Collectively, these works highlight the accelerating convergence of AI, sensing, and communication technologies in shaping the next generation of mobility systems. Yet, as noted by Zhao et al. [5], challenges remain in mixed-traffic conditions, where the coexistence of human-driven and automated vehicles can produce complex and sometimes counterintuitive safety and efficiency outcomes. Moreover, the institutional and technical infrastructures required for cross-sector data sharing and cooperative governance are still maturing.

Looking ahead, several directions for research and implementation emerge. As the transition toward mixed-traffic environments continues, the integration of legacy vehicles and CAVs must be carefully managed to ensure safety, efficiency, and public acceptance. Interactions among human drivers, automated systems, and infrastructure will shape how effectively new technologies perform under real-world conditions. At the same time, the development of cross-domain data-sharing architectures is becoming increasingly important. Vehicles, roadside infrastructure, and mobile systems generate vast amounts of heterogeneous data that, when integrated, can support real-time decision-making, proactive control, and adaptive traffic management. Furthermore, spatial–temporal performance indicators should play a central role in evaluating the operational reliability of predictive models. These indicators move beyond simple aggregate metrics by identifying localized vulnerabilities and resilience patterns within transportation networks. Finally, embedding sustainability and environmental objectives directly into ITS design and policy evaluation is essential. The incorporation of emissions reduction, energy efficiency, and ecological metrics—illustrated by [2]—will help ensure that technological innovation aligns with global goals for sustainable mobility.

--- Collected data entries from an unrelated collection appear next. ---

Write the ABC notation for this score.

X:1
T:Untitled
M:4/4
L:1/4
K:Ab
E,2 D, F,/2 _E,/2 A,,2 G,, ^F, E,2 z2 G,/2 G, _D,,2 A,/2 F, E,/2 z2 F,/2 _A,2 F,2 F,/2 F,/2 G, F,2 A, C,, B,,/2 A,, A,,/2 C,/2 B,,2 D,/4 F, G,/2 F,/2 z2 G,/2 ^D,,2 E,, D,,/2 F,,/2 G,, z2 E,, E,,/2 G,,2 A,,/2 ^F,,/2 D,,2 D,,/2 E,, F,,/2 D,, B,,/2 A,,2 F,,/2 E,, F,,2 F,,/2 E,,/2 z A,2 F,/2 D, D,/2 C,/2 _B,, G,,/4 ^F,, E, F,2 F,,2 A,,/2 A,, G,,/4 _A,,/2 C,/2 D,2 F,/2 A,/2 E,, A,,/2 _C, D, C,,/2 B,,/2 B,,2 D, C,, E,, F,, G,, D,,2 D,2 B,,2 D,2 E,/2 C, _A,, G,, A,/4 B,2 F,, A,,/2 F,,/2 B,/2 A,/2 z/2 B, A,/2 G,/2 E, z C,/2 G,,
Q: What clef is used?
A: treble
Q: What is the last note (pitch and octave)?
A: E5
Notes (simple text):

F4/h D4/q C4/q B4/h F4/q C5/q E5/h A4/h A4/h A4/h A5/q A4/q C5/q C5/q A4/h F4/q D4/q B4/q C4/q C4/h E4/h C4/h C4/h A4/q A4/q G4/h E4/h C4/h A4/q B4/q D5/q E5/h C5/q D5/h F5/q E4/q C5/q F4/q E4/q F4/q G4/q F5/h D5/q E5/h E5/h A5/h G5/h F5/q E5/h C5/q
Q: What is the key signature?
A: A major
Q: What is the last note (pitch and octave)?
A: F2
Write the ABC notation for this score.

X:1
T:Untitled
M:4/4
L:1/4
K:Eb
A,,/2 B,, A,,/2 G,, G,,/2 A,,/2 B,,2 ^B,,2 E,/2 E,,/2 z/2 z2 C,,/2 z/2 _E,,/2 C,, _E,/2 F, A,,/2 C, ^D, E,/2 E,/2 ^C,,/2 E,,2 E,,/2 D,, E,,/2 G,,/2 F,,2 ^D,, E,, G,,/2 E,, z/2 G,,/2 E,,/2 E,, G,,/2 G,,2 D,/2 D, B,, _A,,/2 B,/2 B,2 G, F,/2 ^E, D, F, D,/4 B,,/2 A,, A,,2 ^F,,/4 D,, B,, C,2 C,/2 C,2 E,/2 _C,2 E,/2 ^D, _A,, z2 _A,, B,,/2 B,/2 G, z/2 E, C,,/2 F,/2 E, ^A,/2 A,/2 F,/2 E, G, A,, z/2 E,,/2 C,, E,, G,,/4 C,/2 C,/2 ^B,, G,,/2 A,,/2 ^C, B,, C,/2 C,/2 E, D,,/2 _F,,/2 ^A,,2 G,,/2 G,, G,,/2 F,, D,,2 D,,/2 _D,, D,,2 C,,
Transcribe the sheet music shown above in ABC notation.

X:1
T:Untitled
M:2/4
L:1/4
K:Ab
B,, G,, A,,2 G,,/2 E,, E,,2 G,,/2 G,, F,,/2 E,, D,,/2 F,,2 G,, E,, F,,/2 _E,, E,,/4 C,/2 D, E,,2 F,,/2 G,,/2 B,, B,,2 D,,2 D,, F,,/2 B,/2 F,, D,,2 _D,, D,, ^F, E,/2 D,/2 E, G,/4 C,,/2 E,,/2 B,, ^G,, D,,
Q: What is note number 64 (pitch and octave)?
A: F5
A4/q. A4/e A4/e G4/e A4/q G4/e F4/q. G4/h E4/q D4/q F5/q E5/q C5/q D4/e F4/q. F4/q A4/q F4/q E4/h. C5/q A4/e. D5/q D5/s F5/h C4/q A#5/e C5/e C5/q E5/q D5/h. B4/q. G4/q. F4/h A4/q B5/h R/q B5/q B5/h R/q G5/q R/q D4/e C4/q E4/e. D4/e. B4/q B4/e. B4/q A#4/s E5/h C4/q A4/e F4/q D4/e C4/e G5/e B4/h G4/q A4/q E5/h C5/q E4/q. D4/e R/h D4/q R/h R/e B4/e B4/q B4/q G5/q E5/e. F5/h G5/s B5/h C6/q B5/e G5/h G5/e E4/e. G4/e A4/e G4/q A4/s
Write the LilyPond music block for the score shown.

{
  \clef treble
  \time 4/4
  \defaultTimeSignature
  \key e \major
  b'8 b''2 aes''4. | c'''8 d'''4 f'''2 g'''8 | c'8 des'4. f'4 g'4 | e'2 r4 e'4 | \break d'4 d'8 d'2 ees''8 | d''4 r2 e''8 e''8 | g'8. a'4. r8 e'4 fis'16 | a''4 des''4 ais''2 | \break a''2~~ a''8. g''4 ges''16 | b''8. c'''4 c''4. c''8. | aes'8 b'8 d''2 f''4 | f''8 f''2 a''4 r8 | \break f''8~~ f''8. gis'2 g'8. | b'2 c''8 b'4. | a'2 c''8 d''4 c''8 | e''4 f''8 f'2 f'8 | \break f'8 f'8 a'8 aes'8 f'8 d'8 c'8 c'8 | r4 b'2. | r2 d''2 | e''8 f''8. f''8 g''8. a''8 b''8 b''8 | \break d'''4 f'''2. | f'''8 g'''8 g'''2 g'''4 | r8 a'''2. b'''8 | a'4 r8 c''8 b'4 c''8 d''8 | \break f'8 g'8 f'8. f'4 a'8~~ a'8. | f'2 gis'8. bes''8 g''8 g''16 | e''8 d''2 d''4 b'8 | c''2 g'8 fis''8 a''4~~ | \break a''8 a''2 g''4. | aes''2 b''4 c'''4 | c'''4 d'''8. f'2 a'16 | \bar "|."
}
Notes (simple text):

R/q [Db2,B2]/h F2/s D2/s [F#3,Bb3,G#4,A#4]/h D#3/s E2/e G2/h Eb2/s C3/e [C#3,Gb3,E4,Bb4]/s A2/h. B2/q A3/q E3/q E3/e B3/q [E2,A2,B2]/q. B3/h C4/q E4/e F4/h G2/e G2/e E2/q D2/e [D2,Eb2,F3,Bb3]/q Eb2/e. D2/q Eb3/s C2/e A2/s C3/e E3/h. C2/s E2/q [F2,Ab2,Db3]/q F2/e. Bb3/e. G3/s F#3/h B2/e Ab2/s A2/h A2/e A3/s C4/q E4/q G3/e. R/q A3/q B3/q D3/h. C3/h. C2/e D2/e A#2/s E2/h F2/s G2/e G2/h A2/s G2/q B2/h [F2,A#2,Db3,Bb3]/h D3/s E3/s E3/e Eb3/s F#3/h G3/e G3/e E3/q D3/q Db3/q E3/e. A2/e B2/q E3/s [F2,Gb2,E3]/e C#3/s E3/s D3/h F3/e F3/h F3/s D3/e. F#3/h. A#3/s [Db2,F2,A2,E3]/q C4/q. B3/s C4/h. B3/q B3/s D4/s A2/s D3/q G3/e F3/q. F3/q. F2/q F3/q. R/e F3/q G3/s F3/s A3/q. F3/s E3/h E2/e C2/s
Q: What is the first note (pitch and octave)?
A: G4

In conclusion, the studies collected in this Special Issue reveal that ITS research is entering a phase of multidimensional innovation—linking technology, policy, and human behavior toward a more intelligent and sustainable mobility ecosystem. As connected and autonomous systems become increasingly integrated into daily life, fostering collaboration across academia, industry, and government will be essential to ensure that these technologies advance not only efficiency and safety but also equity and environmental stewardship.